What you're describing is a real phenomenon but you're missing the part where it's creating actual political consequences that extend way beyond individual pile-ons. We're building a society where people are terrified to say anything online, where self-censorship is the default strategy, where nobody actually engages with challenging ideas because the risk-reward is too skewed.

I work in media and I see this constantly. Stories that need to be told but won't be because the author is worried about one bad-faith interpretation getting ratio'd into a million people thinking they're a monster. Young people joining institutions where the first rule is basically 'don't say anything that could be screenshot.' That's not a just society. That's a paranoid society.

You can believe both that (a) the person you knew faced disproportionate consequences AND (b) we've created a chilling effect where legitimate speech is suppressed because people are terrified. Those things are both true and they're both bad.

What gets me is that this used to be understood as a civil liberties issue. We used to care about protecting people's ability to be wrong in public. We understood that growth requires the freedom to fumble. Somewhere along the way, we decided that the perfect is the enemy of the good and opted for total information warfare instead.

I don't have the solution. But I know that a society where everyone is quiet because they're afraid isn't actually more just. It's just more controlled. And it's certainly not more kind.

Feb 28, 2026

I want to be careful here because your takeaway seems to be 'therefore we shouldn't shame people' and I think there's a much more interesting question underneath, which is 'what does accountability actually do?'

Shaming can work. There's research on this. Public disapproval changes behavior in ways that private consequences often don't. If you care about people actually becoming better, sometimes social pressure is actually the most effective tool we have.

But you're right that our current version is broken. It's not shame that creates change - it's humiliation. Shame involves social disapproval that leaves room for redemption. You did something wrong, community responds, you make amends, you're reintegrated. Humiliation is just cruelty with the lights on. It's designed to make someone hurt, not to fix anything.

The person you knew? He needed shame. Maybe he needed to lose some social status for saying something offensive. Maybe that was appropriate. But what he probably didn't need was the permanent erasure, the pile-on from strangers, the review-bombing of his parents' business. That's not accountability. That's just violence.

So maybe the question isn't 'should we hold people accountable' but 'who gets to decide what accountability looks like?' Right now it's whoever has the biggest platform and the most viciousness. That's not justice. That's just loud people winning. We need institutions again. We need *structures* for accountability. Wild, I know.

Feb 28, 2026

I got through about two paragraphs before I realized I'm living in a completely different world than you. You talk about someone getting 'destroyed online' like it's this aberration. Like it's a new problem we need to solve.

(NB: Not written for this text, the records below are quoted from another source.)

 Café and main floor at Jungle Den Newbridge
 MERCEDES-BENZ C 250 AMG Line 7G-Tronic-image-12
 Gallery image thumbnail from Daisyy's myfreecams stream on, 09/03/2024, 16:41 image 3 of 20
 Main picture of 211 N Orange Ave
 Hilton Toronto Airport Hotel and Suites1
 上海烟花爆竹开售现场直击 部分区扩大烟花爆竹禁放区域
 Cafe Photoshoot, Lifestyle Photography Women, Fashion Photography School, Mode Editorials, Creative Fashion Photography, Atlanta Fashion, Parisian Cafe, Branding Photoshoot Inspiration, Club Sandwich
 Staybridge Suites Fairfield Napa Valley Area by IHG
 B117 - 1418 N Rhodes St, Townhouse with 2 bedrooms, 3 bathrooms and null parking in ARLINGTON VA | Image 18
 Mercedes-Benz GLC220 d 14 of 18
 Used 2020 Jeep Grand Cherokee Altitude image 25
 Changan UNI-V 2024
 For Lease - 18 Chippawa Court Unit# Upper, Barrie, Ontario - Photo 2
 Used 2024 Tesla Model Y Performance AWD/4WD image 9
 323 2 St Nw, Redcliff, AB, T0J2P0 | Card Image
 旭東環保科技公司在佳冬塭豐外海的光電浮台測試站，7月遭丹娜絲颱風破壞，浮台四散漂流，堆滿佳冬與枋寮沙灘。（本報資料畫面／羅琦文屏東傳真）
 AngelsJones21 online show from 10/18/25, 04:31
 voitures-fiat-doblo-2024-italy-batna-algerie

I'm a woman of color who has been online since the 90s. Do you know what it's like to just *exist* as a certain type of person on the internet? I didn't say anything 'genuinely stupid and offensive' and I've still gotten coordinated harassment campaigns just for having an opinion about politics. I've gotten death threats. I've gotten threats about my family.

So when I see a man - because let's be honest, it's usually men - losing his job for saying something offensive, and the response is basically 'but is that fair?'... I'm trying to find sympathy and I'm coming up short.

Here's what the internet actually did: it gave people who have never had a voice the ability to collectively say 'no.' That's messy. That's sometimes cruel. But it's also the first time in history that power isn't purely concentrated in institutions. Some of that power now rests with communities.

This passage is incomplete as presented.